◆ Required action ◆
Without including any images, please transcribe all the lines below exactly.

Stored dataset items
BEGIN

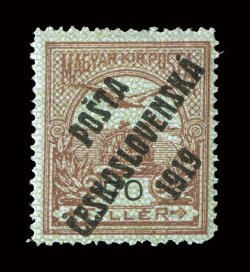 B70, 1919 70f Red brown on green with PostaCeskoslovenska1919 overprint, attractively centered, rich color, o.g., lightly hinged, typical rough perforations, very fine for
this rare value only 150 printed signed many times including J. Mrn
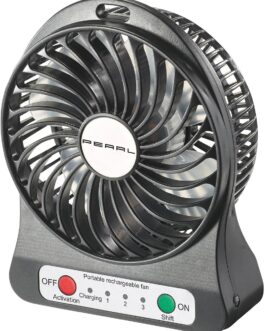 PEARL Battery Table Fan: 2-in-1 Battery Table Fan with LED Light, 1300 mAh (Mini Fan, Mini Table Fan, Small Battery)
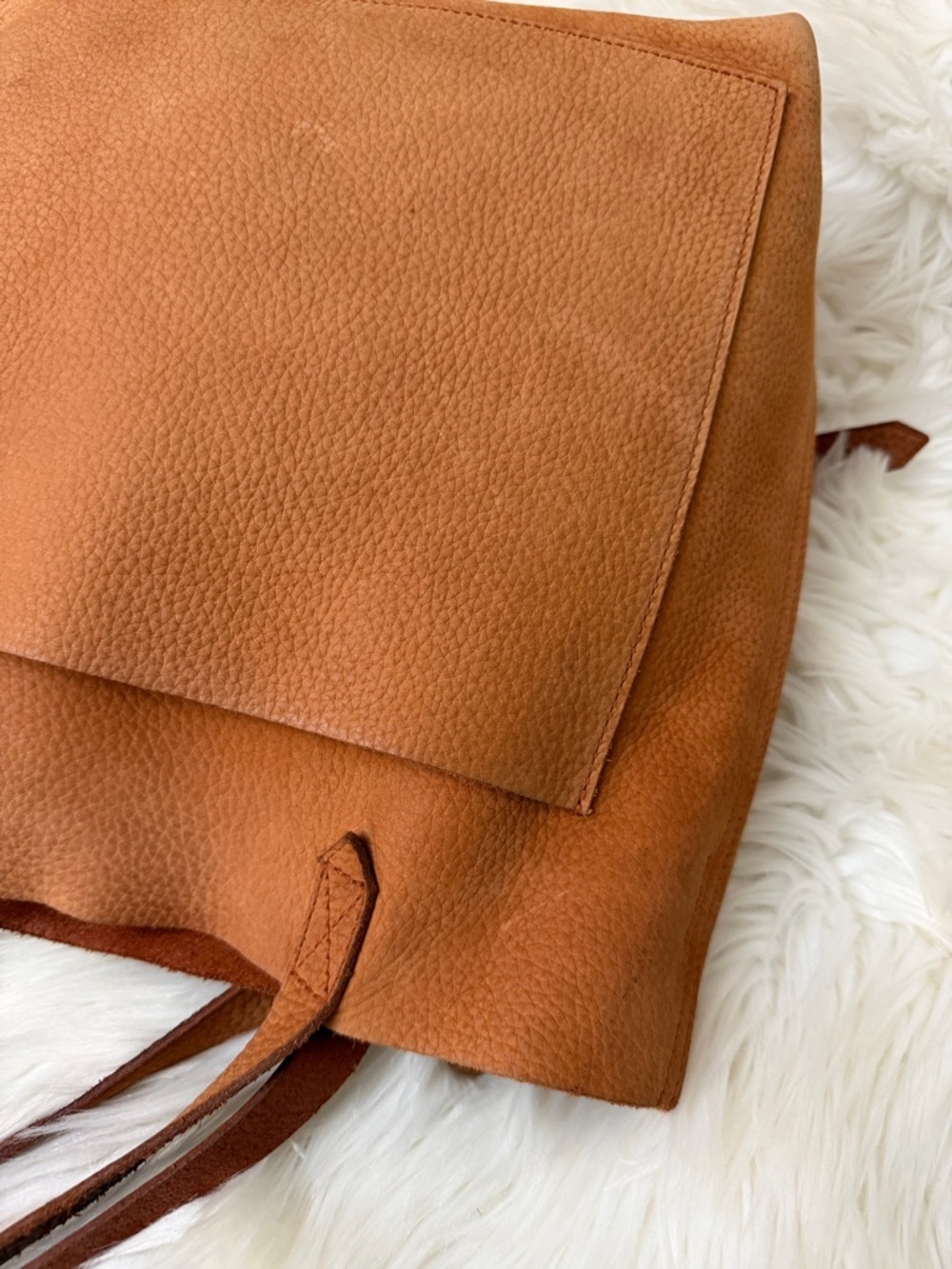Madewell Cognac Leather Tote with Front Pocket - Picture 7 of 12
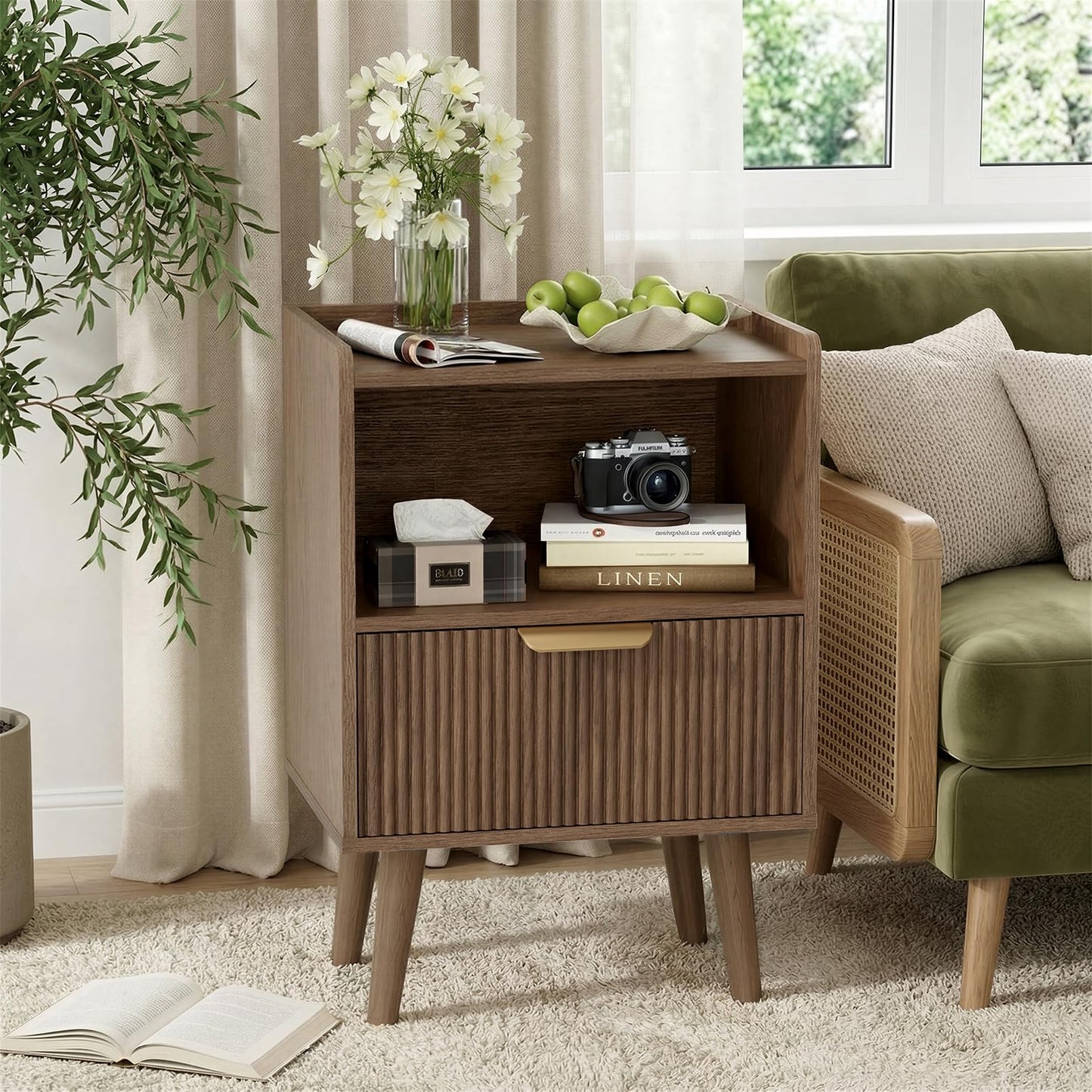 Apicizon Modern Nightstand with Storage Drawer and Open Wood Shelf, Fluted Night Stand with Solid Wood Legs, Bedside Table for Bedroom,Small Spaces, Easy Assembly,Walnut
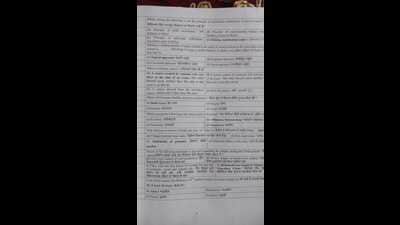 According to a candidate, who shared a copy of the question paper of SST to Hindustan Times, the answers were shared in the bold text in the question paper. (HT Photo) According to a candidate, who shared a copy of the question paper of SST to Hindustan Times, the answers were shared in the bold text in the question paper. (HT Photo)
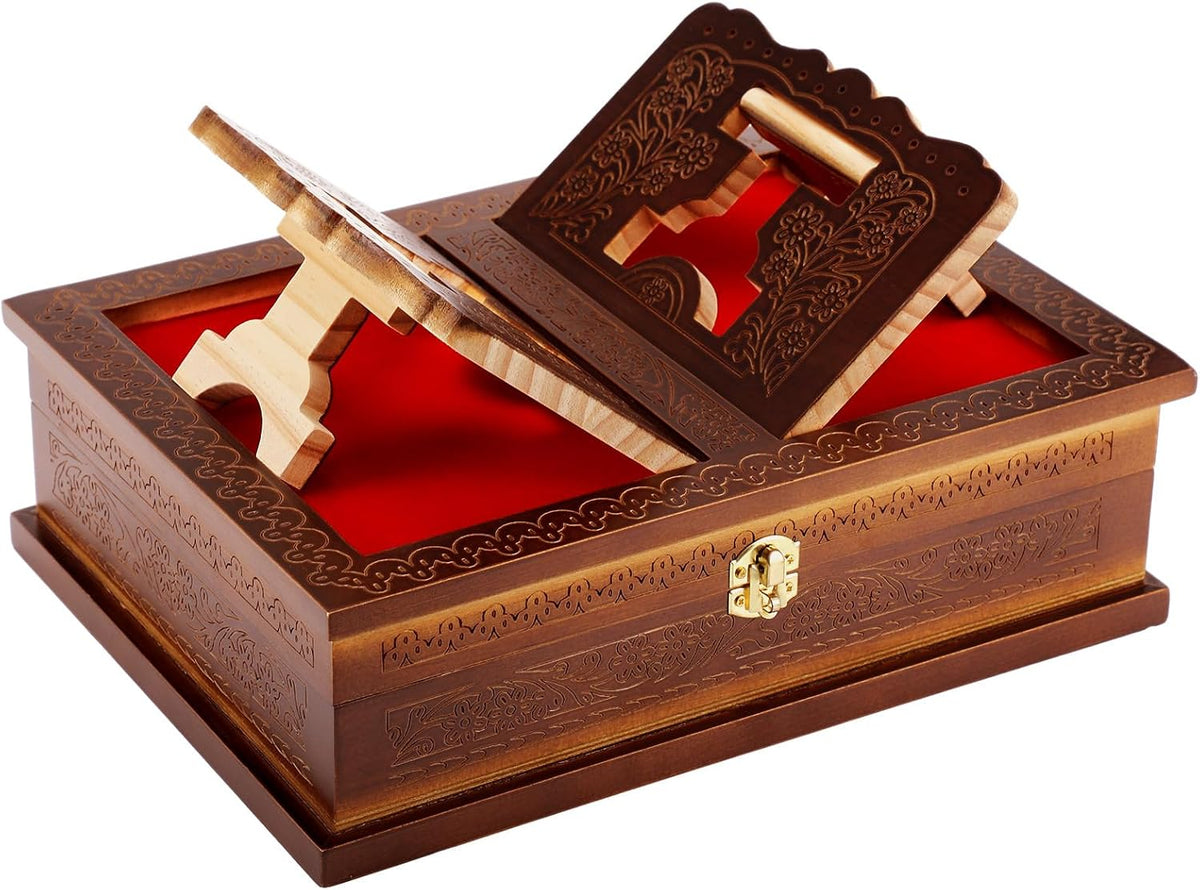 Yalikop Wooden Rehal Box Holy Book Stand Box Quran Bible Holder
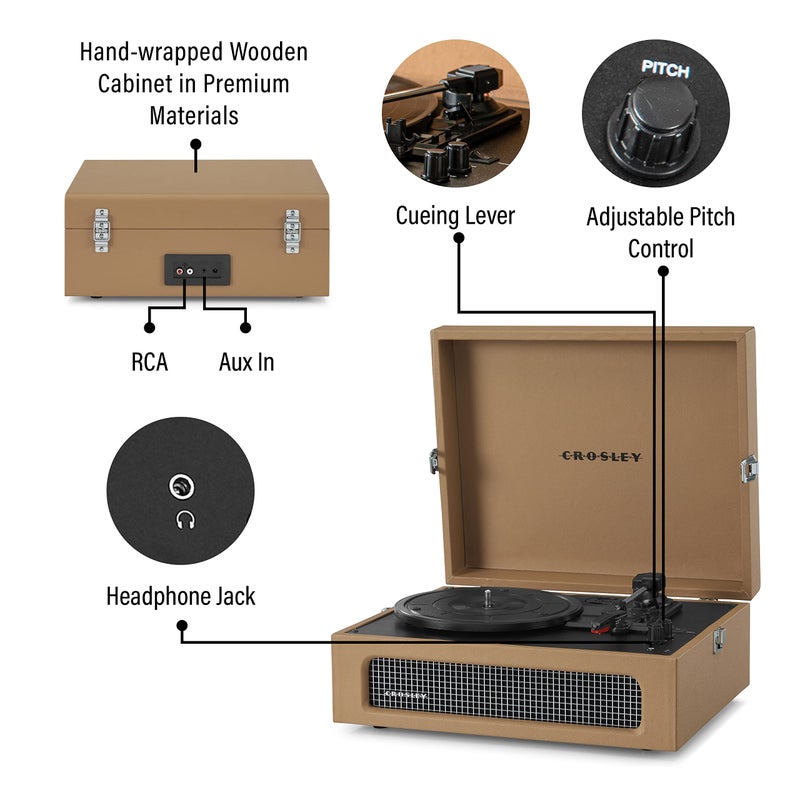 Crosley CR8017B-TA Voyager Vintage Portable Vinyl Record Player Turntable with Bluetooth in/Out and Built-in Speakers, Tan - Image 3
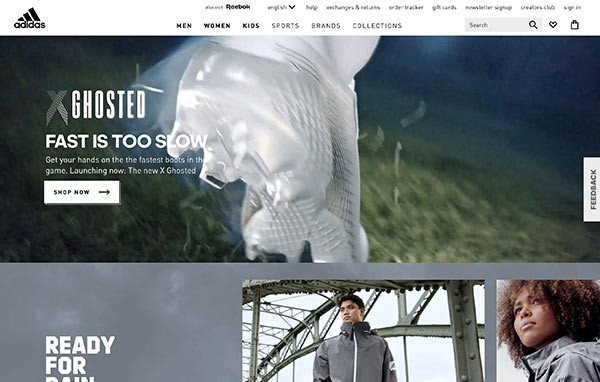 Die Webseite von Adidas.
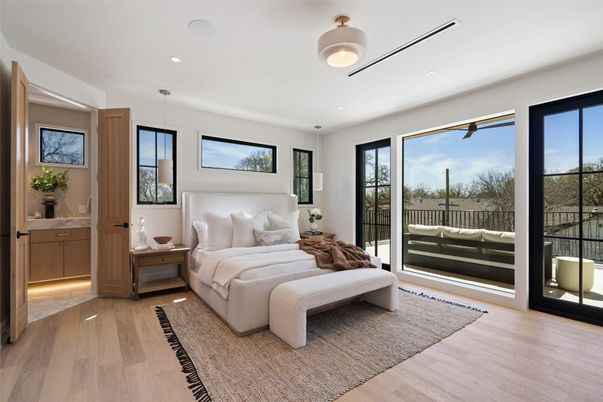 Bedroom, Interior, Pendant Lights, Recessed Lighting, Wood Texture Flooring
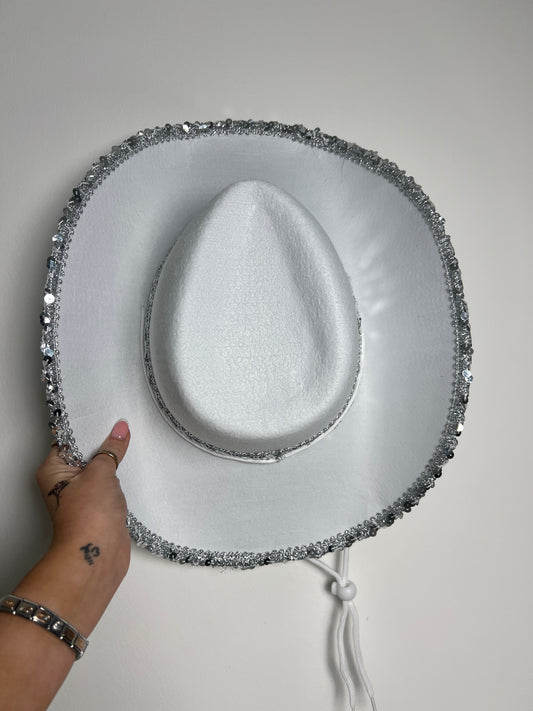 Sparkly Cowgirl Hat - White
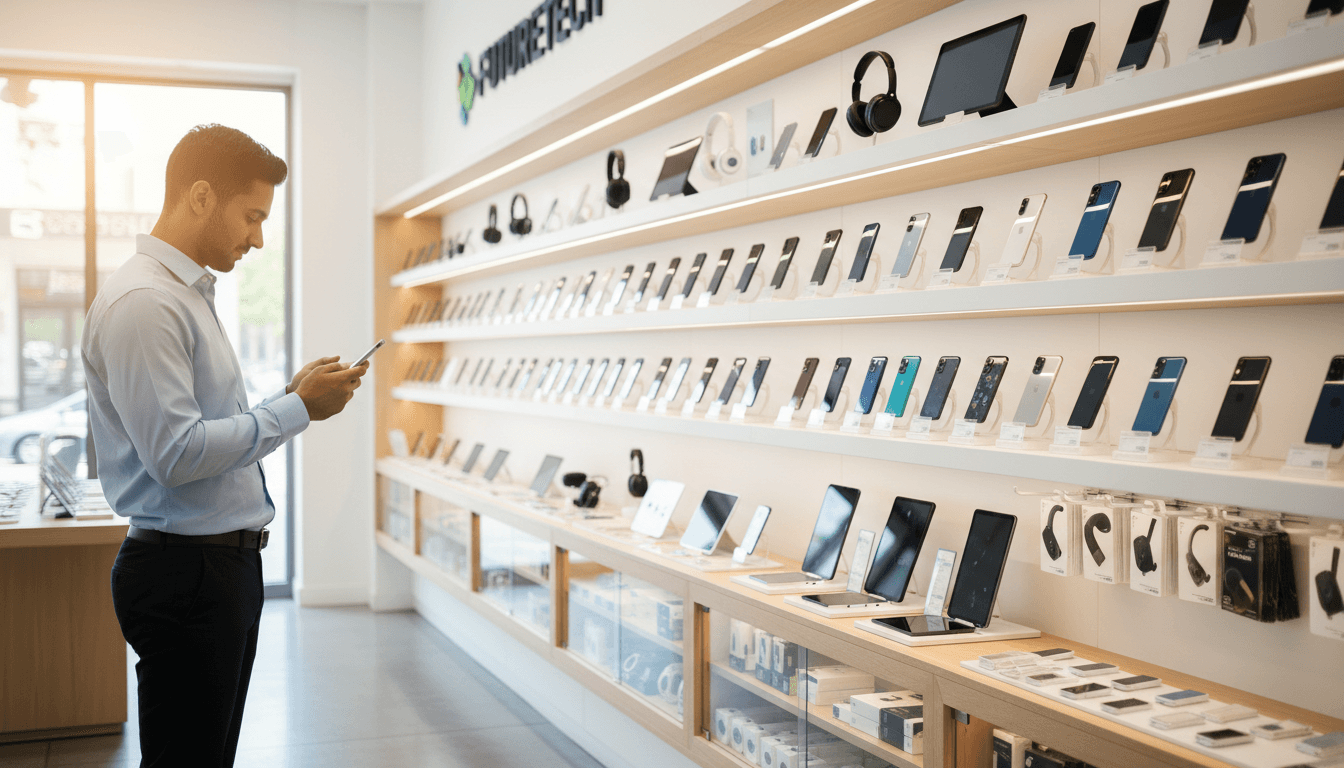 Assorted electronics and gadgets on a table in a discount store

END

◆ Response below ◆
 B70, 1919 70f Red brown on green with PostaCeskoslovenska1919 overprint, attractively centered, rich color, o.g., lightly hinged, typical rough perforations, very fine for
this rare value only 150 printed signed many times including J. Mrn
 PEARL Battery Table Fan: 2-in-1 Battery Table Fan with LED Light, 1300 mAh (Mini Fan, Mini Table Fan, Small Battery)
Madewell Cognac Leather Tote with Front Pocket - Picture 7 of 12
 Apicizon Modern Nightstand with Storage Drawer and Open Wood Shelf, Fluted Night Stand with Solid Wood Legs, Bedside Table for Bedroom,Small Spaces, Easy Assembly,Walnut
 According to a candidate, who shared a copy of the question paper of SST to Hindustan Times, the answers were shared in the bold text in the question paper. (HT Photo) According to a candidate, who shared a copy of the question paper of SST to Hindustan Times, the answers were shared in the bold text in the question paper. (HT Photo)
 Yalikop Wooden Rehal Box Holy Book Stand Box Quran Bible Holder
 Crosley CR8017B-TA Voyager Vintage Portable Vinyl Record Player Turntable with Bluetooth in/Out and Built-in Speakers, Tan - Image 3
 Die Webseite von Adidas.
 Bedroom, Interior, Pendant Lights, Recessed Lighting, Wood Texture Flooring
 Sparkly Cowgirl Hat - White
 Assorted electronics and gadgets on a table in a discount store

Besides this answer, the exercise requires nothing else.